Swiss corporate pay vote much more sensible than EU’s cap

Allister Heath
IT is important not to confuse this weekend’s Swiss referendum vote for much greater shareholder power over boardroom pay with last week’s move by the EU to impose caps on bankers’ bonuses.

The first rule change will, with one unfortunate exception, improve and enhance shareholder democracy, and give the owners of publically listed firms similar powers to those of private firms, where owners typically sign off all of the big decisions, including bosses’ pay.

The second is an entirely disastrous attempt at trying to buck the market, with politicians trying to loosen the relationship between performance and reward, and with officials, rather than shareholders or their agents, deciding that no employee will be allowed a bonus of more than 200 per cent of base pay, with all sorts of unintended (on in the case of those in the EU who hate the City, intended) consequences in a global economy. The rule may exceed Brussels’ powers; Article 153, section 5 of the Lisbon Treaty states that the EU’s ability to modify social policy “shall not apply to pay”. We shall see.

Most of the Swiss rules are fine, including binding shareholder votes on corporate pay, annual director re-elections and the like. Of course, some of these will need to be implemented carefully– but since when do employees – for that is what directors are – think that is wrong for their bosses – shareholders – to be able to tell them what to do, or limit their contract? With one exception, the Swiss rules are pro-capitalist and pro-shareholder – with no exception, EU bank cap rules are anti-market.

There is one clause of the Swiss rule which will create problems, however, and that is the ban on golden hellos and goodbyes. Massive payouts for failure are a disaster, whenever they happen, and tend to discredit the market economy. They should not happen. But it makes sense to ensure bosses are always incentivised to do the right thing for shareholders. If CEOs of listed firms believe that a takeover bid for their company makes sense for their shareholders – perhaps because the premium is so big that there is no way the same value could be created by retaining the firm’s independence – then it is important that they are incentivised to say so. There is a role for golden goodbyes in this case: a payout to compensate the CEO for selling the firm and thus losing his or her job.
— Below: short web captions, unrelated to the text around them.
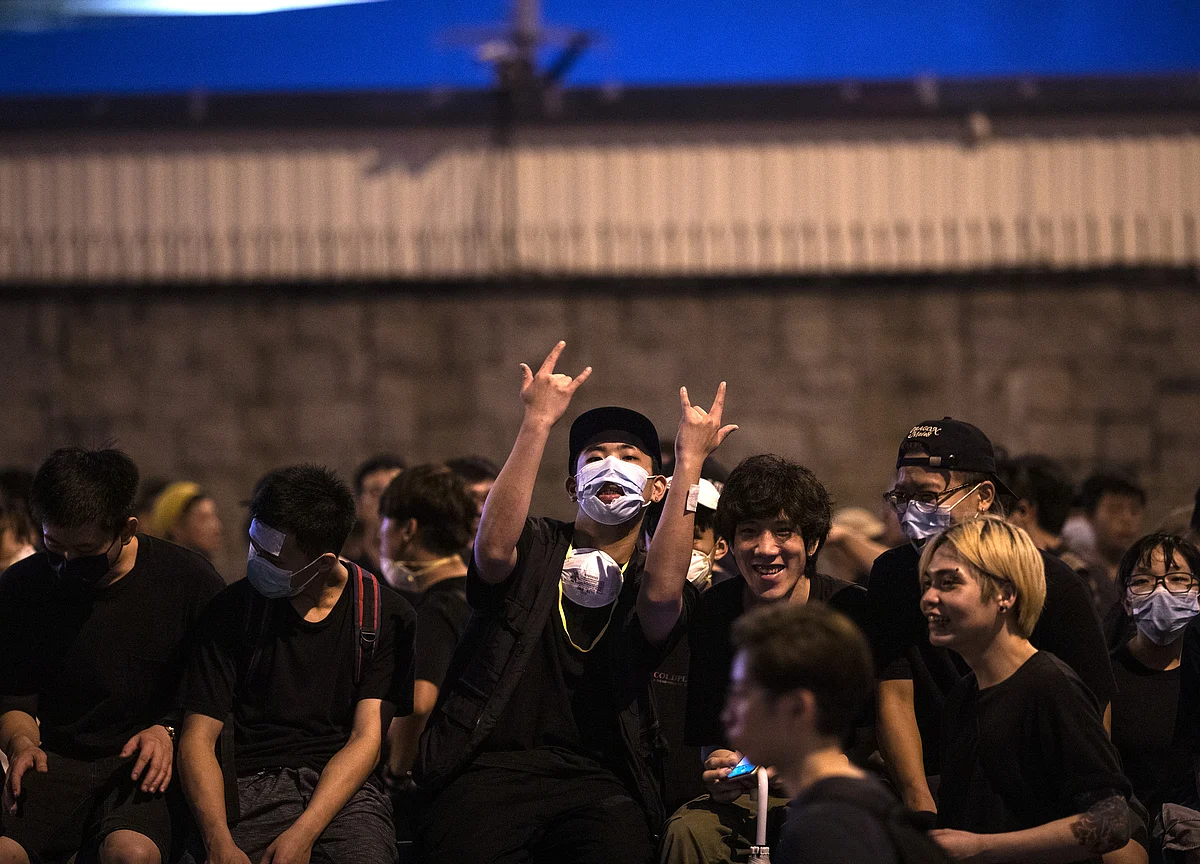 The Faces of Hong Kong's Historic Stand Against China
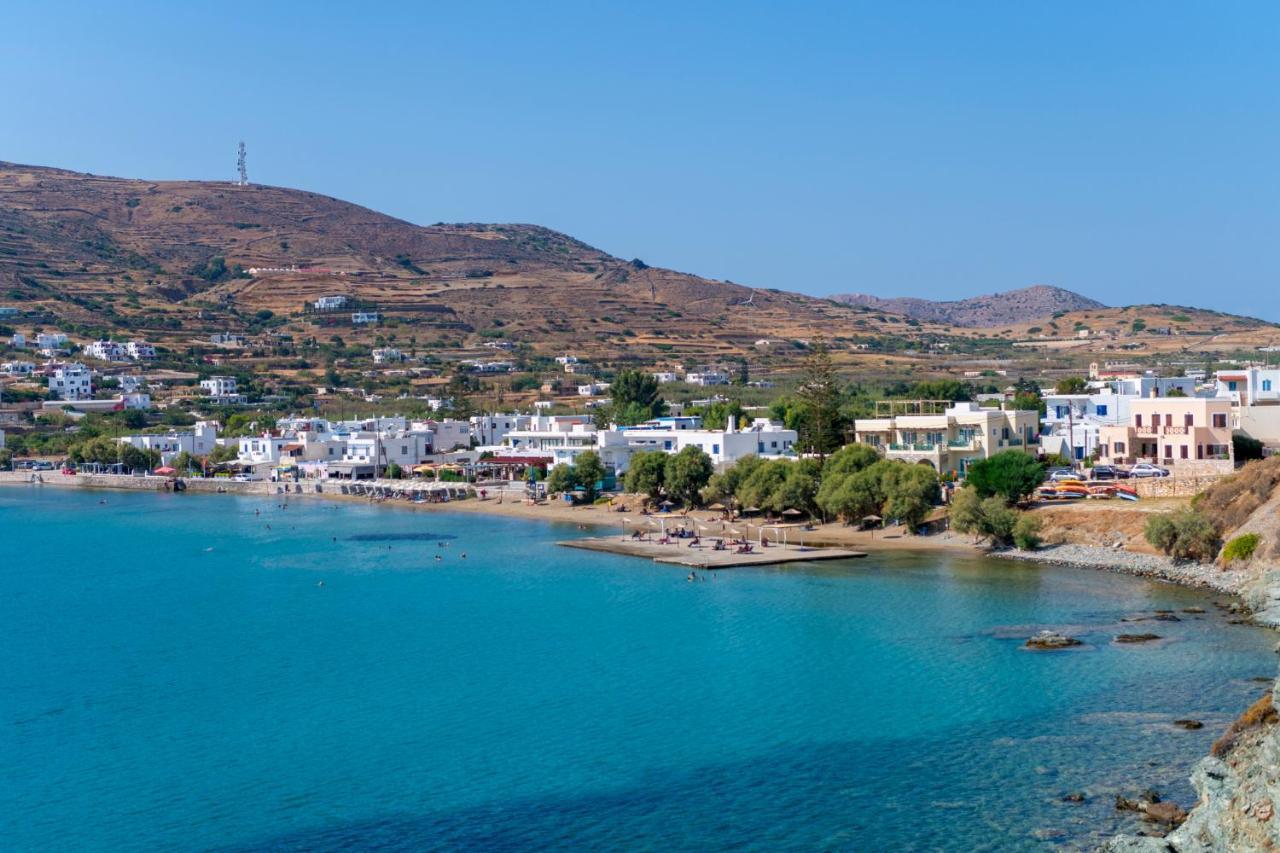 פיניקאס Cycladic Aura - Traditional Holiday Cottage מראה חיצוני תמונה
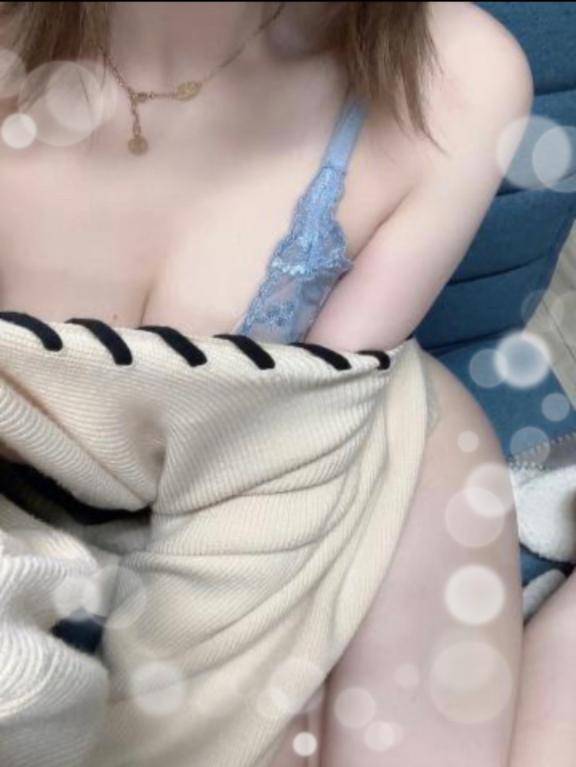 ○○で感じてください??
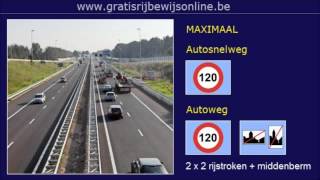 GRATIS RIJBEWIJS ONLINE 5 Rijbewijs B  AUTOWEG [upl. by Odragde783]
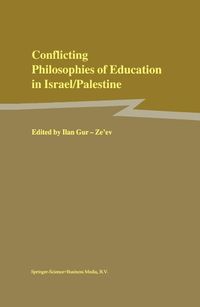 Produktbild: Conflicting Philosophies of Education in Israel/Palestine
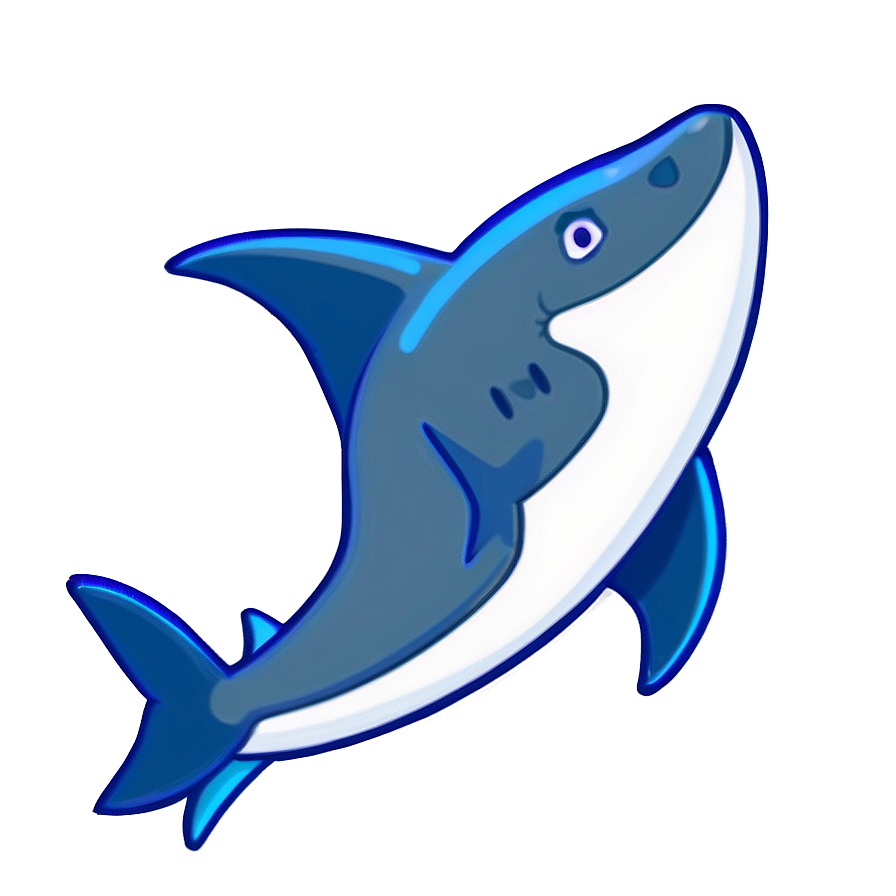 Friendly Shark Cartoon Png 13 PNG Image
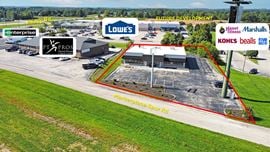 Freestanding Retail Building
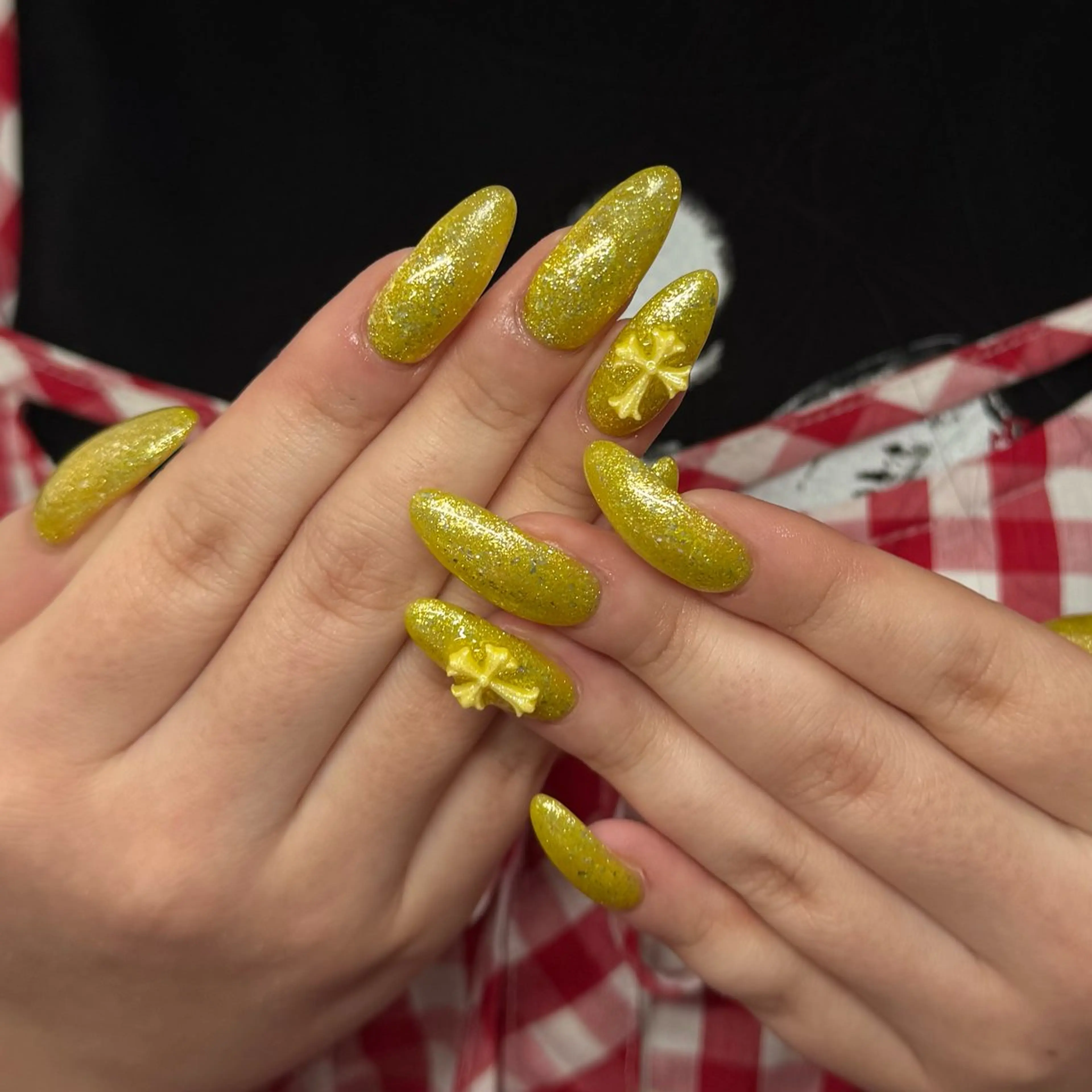 ネイル ハンドネイル yano Ribbon佐野店のネイルデザイン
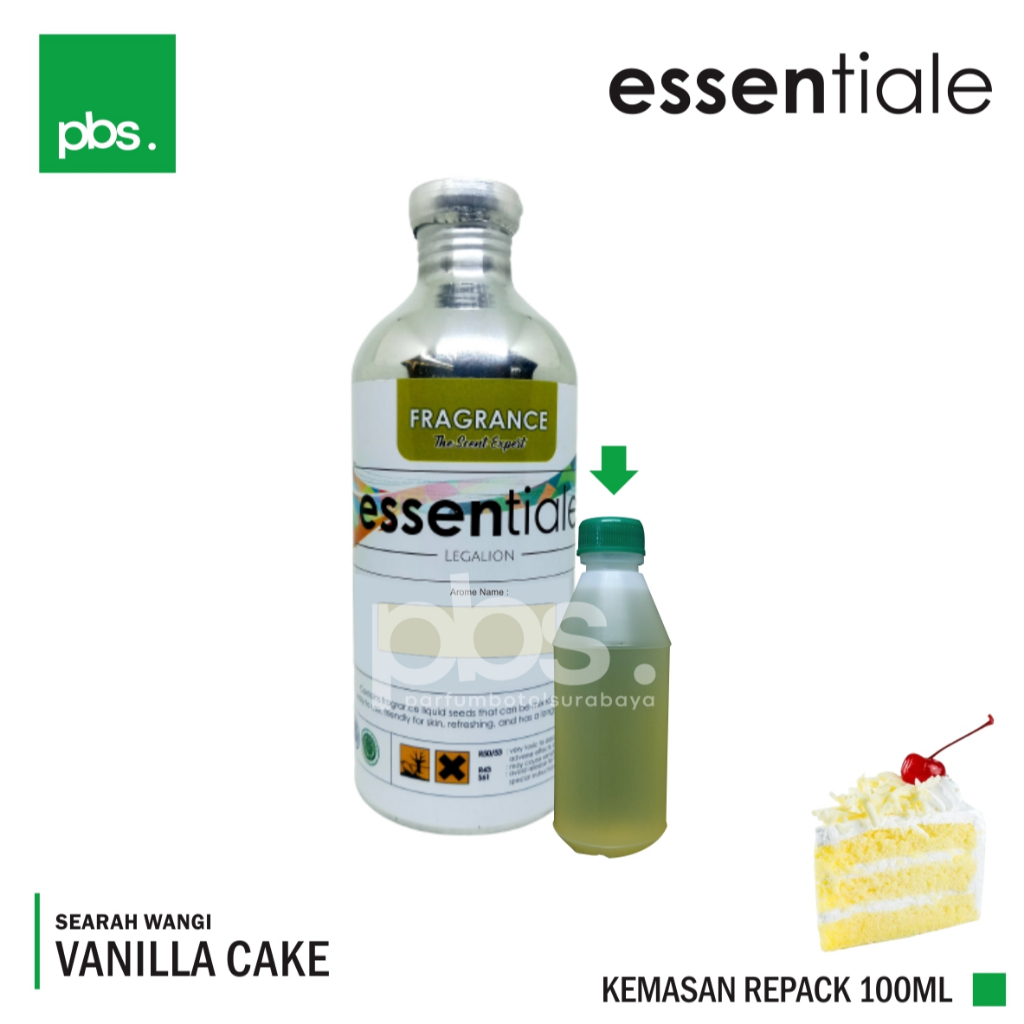 Bibit Parfum - Vanilla Cake by Essentiale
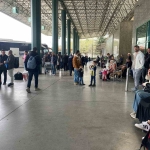 OTOGARDA BAYRAM TATİLİ HAREKETLİLİĞİ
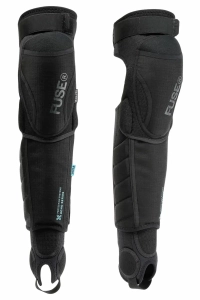 Fuse R Echo 125 Combo chrániče kolen holení kotníků | Black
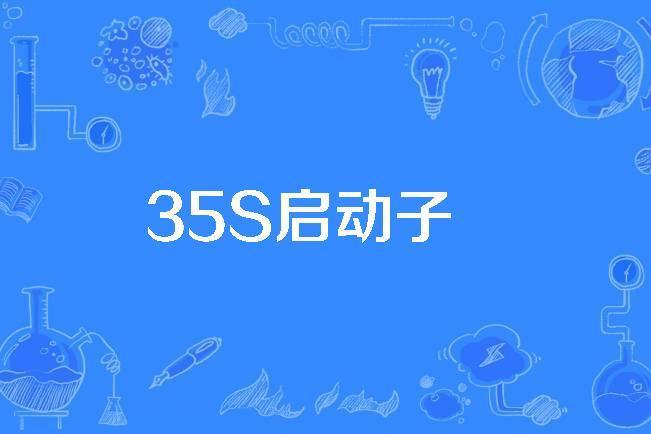 35S啟動子 35S啟動子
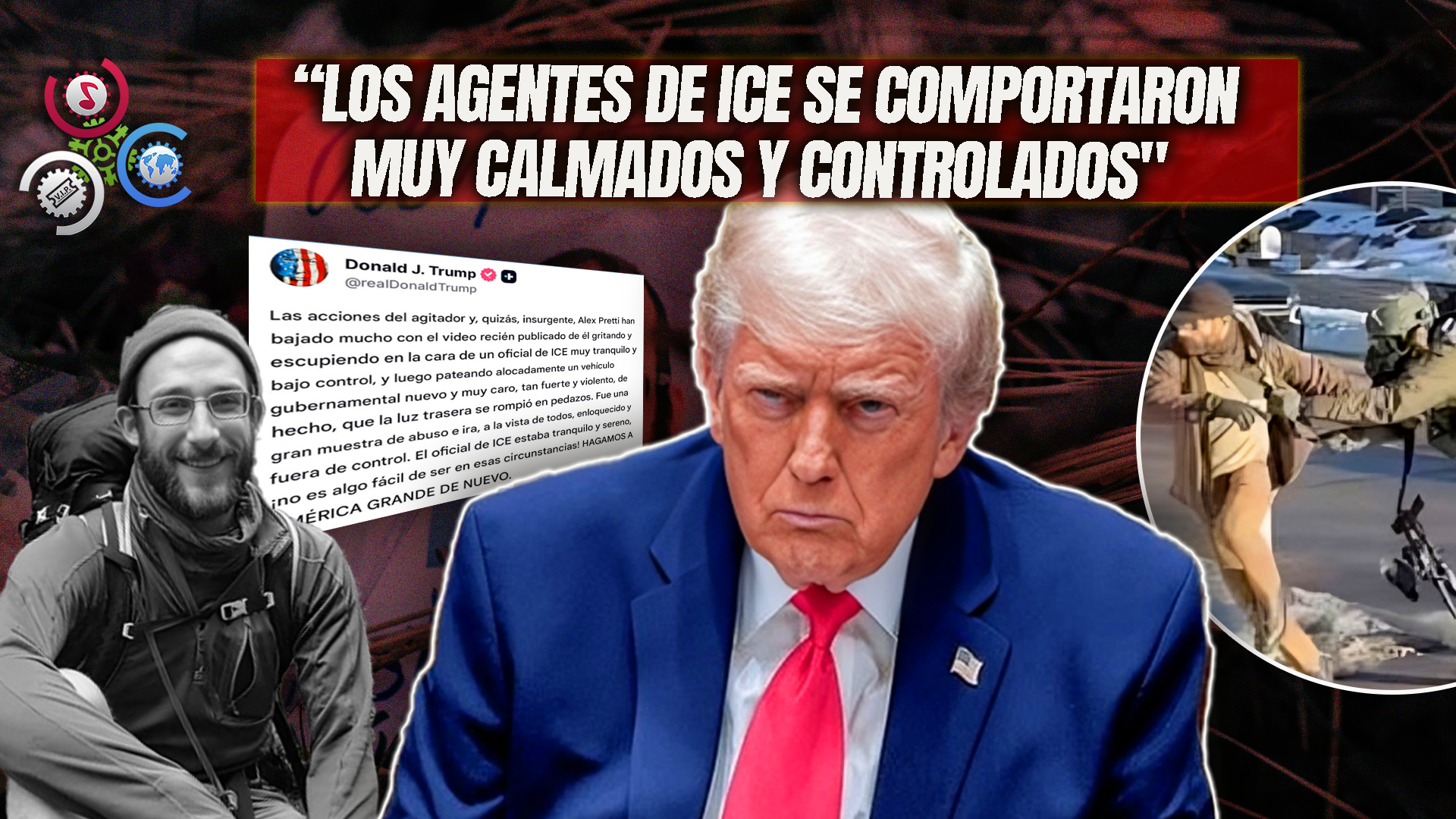 Trump Arremete Contra El Fallecido Pretti Y Dice Que Estaba “enloquecido”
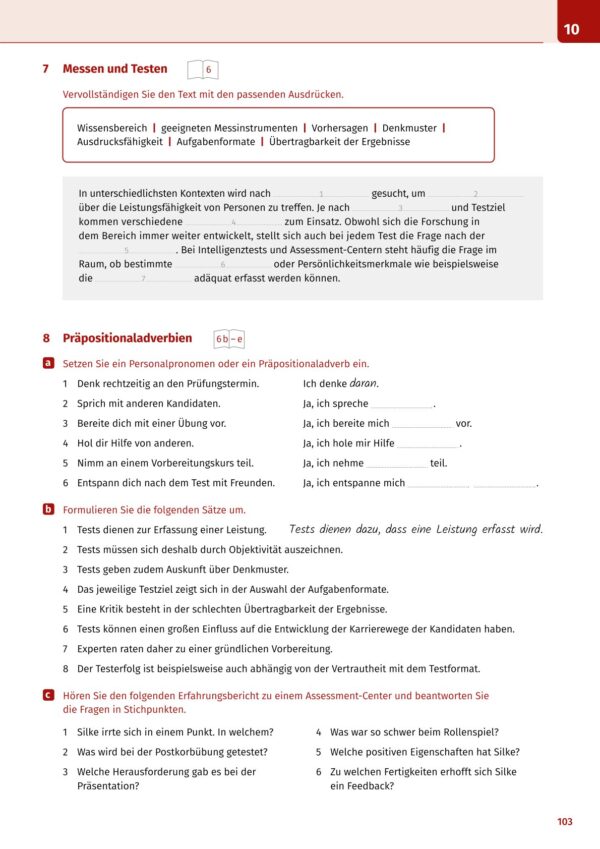 Einfach weiter! Deutsch B2.2 Tankönyv és munkafüzet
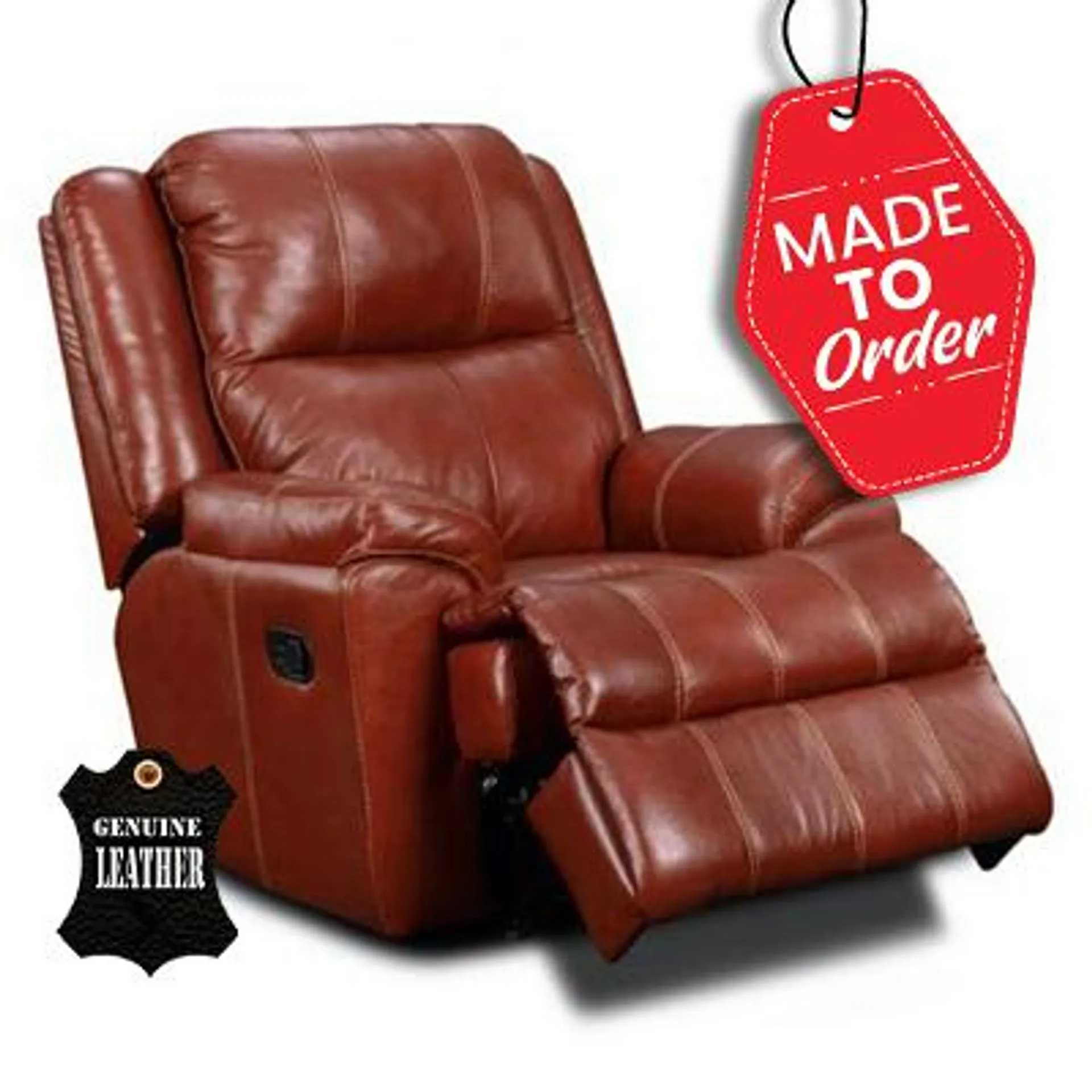 Inyati Recliner Full Leather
Without one, the CEO may have an incentive to resist at all cost, which would not be in shareholders’ interests.

As to golden hellos, they can be useful to buy out a star CEO at another firm tied in by long-term performance incentives. So these clauses – and especially the second – are silly and will damage Swiss firms’ ability to compete, at least at the margins. A firm trying to poach a CEO will now have to offer substantially larger base pay to entice them; nothing will really have changed, apart from making it more costly to fire the new recruit if they turn out to be useless.

In general, large firm CEOs should be paid handsomely, as determined by supply and demand – but in return they should be willing to accept “employment at will” contracts, with shareholders having the right to dismiss them at any time without a payout. Such arrangements are not the norm today – and a strict application would actually probably be illegal under unfair dismissal rules. As with the case of the CEO whose firm is being taken over, this general principle would need to be tailored carefully to ensure perverse incentives didn’t creep in. But with high rewards should come high risks, not a corporatist easy life that culminates in a massive, guaranteed exit package.